An international team of astronomers has found that certain stars traveling in a peculiar orbit near the center of the Milky Way are the remains of a head-to-head encounter with a dwarf galaxy called Sausage.

The cataclysmic crash is one of the biggest moments in the history of the Milky Way, according to experts. Although the galaxy has been merging with a dozen of its satellites since its inception, this particular merger reshaped the structure of the Milky Way, creating the inner bulge at the center and the spherical halo circling the outer edges.

Milky Way Crash With Sausage Galaxy

Around 8 to 10 billion years ago, a dwarf galaxy smashed head-on into the Milky Way. The smaller galaxy did not survive the crash, as the strong gravitational force coming from the Milky Way tore it apart.

The researchers, however, have spotted evidence of the collision in the form of stars traveling in long, narrow orbits close to the galactic center. These sausage-like orbits, after which the galaxy was named, are called radial orbits.

"This is a telltale sign that the dwarf galaxy came in on a really eccentric orbit and its fate was sealed," says Vasily Belokuro of the University of Cambridge.

The researchers reached their conclusion after extensively studying the data gathered from the ambitious Gaia mission of the European Space Agency. The objective was to collect as much information about the positions and trajectories of the millions of stars in the Milky Way and create a three-dimensional map of the galaxy based on the data collected.
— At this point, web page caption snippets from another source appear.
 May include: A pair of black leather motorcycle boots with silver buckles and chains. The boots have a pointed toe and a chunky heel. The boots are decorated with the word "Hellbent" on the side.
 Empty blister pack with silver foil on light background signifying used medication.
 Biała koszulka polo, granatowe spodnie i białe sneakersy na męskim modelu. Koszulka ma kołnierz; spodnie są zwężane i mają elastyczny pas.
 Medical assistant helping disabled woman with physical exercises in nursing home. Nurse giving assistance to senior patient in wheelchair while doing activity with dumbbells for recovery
Details of the study are published in three papers in the Monthly Notices of the Royal Astronomical Society, The Astrophysical Journal Letters, and the pre-print website ArXiv.

Gaia Sausage

Using data from Gaia, the researchers were able to analyze the velocities of the stars and plot their trajectories. They found a distinctively sausage-like orbit, prompting the scientists to christen them the Gaia Sausage stars.
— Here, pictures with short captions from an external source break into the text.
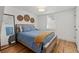 Stylishly decorated bedroom with a rustic bed frame, unique mirror, and hardwood floors at 6160 Lake Lanier Heights Rd, Buford, GA 30518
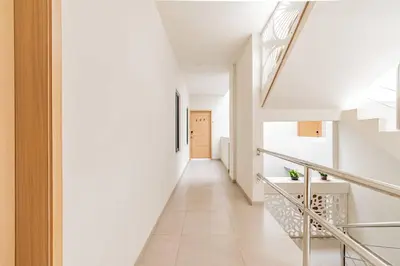 Cama o camas de una habitación en Lujoso Condominio Tiburon a 3 Cuadras de la Playa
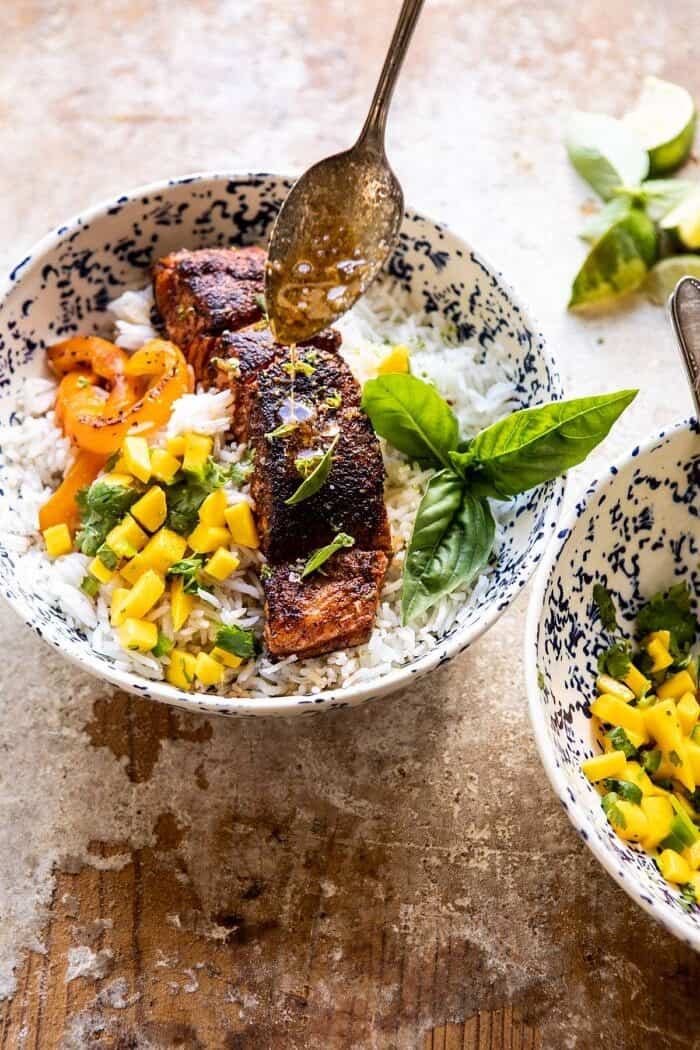 overhead photo of Cilantro Lime Salmon with Mango Salsa with chili lime butter being drizzled over top salmon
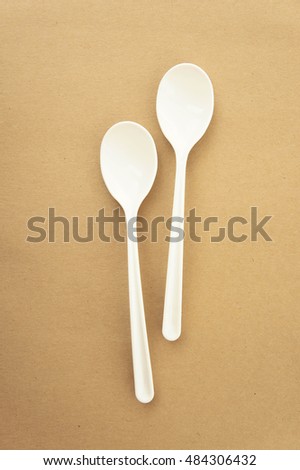Twin spoons on brown background ,White spoon, The device is one of the cooking container. in eating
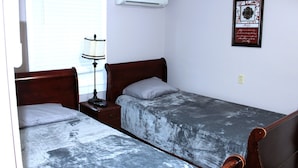 A bedroom with two single beds, a bedside table with a lamp, an air conditioner, and a framed quote on the wall.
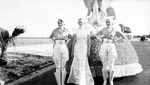 Three women posed in front of a parade float; car in background by Francis G. Wagner and Nelson Poynter Memorial Library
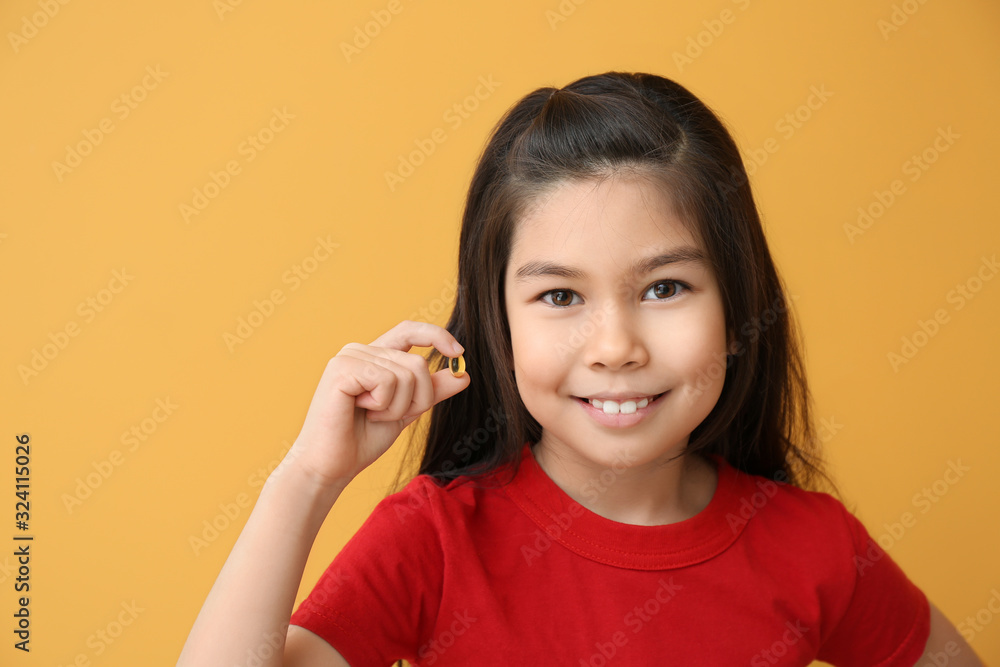 Little girl with fish oil pill on color background Little girl with fish oil pill on color background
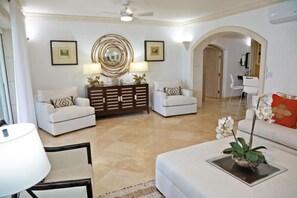 Una sala de estar con sofá, sillones, una mesa de centro, un aparador y un espejo decorativo.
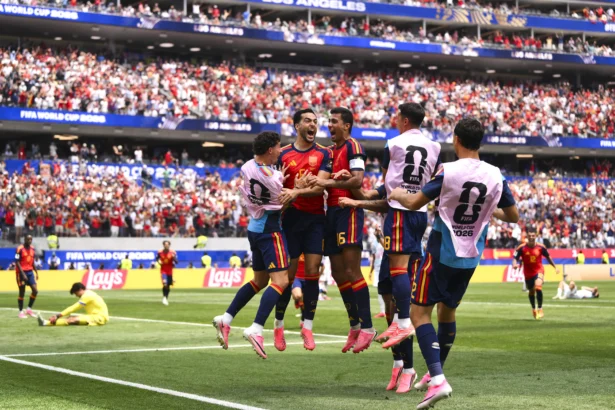 Mikel Merino #6 of Spain celebrates with his team mates scoring his team's second goal during the FIFA World Cup 2026 Quarter Final match between Spain and Belgium at Los Angeles Stadium in Inglewood, Calif., on July 10, 2026. (David Ramos/Getty Images)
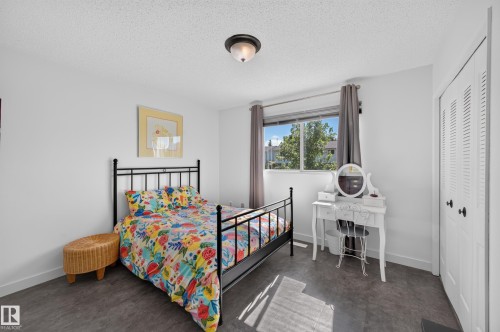 Spacious room with durable gray flooring and a window providing natural light - 7704 13 Avenue Nw, Edmonton, AB 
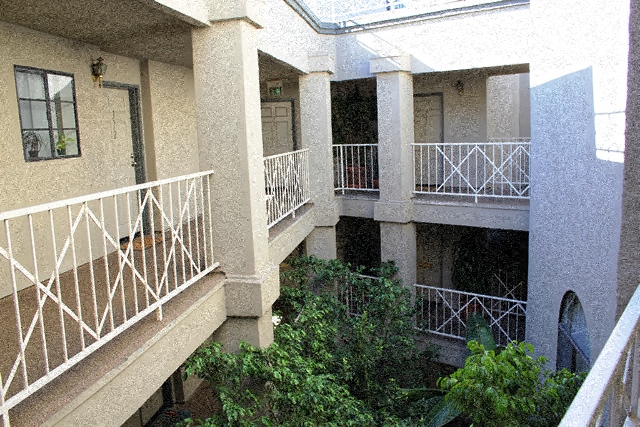 an apartment building with two balconies and trees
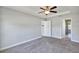 Bedroom featuring ceiling fan, gray carpet and trim, and bathroom entrance at 4126 Sw 132Nd Ln, Ocala, FL 34473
"These Sausage stars are what's left of the last major merger of the Milky Way," says Wyn Evans, also of the University of Cambridge.

The Milky Way continues to swallow up smaller galaxies within its vicinity. There are nine dwarfs orbiting the galaxy, but the Milky Way is currently in gobbling up the dwarf galaxy Sagittarius.

In the next 100 million years or so, the gravitational pull from the Milky Way will likely rip Sagittarius apart in a scenario similar to what happened to the Sausage galaxy.

Sausage, however, was likely more powerful than Sagittarius. Despite its size, it wreaked a lot of havoc on the Milky Way following the collision, causing the galactic center to puff up and scattering the wreckage along the inner parts of the galaxy. The researchers believe it was this collision that shaped the Milky Way into the cosmic structure it is today.

They also found eight globular clusters left over from the crash. Globular clusters are ancient spherical clusters of stars typically found in larger galaxies. Although Sausage was a dwarf galaxy, the scientists believe it must have been large enough to harbor its own star clusters.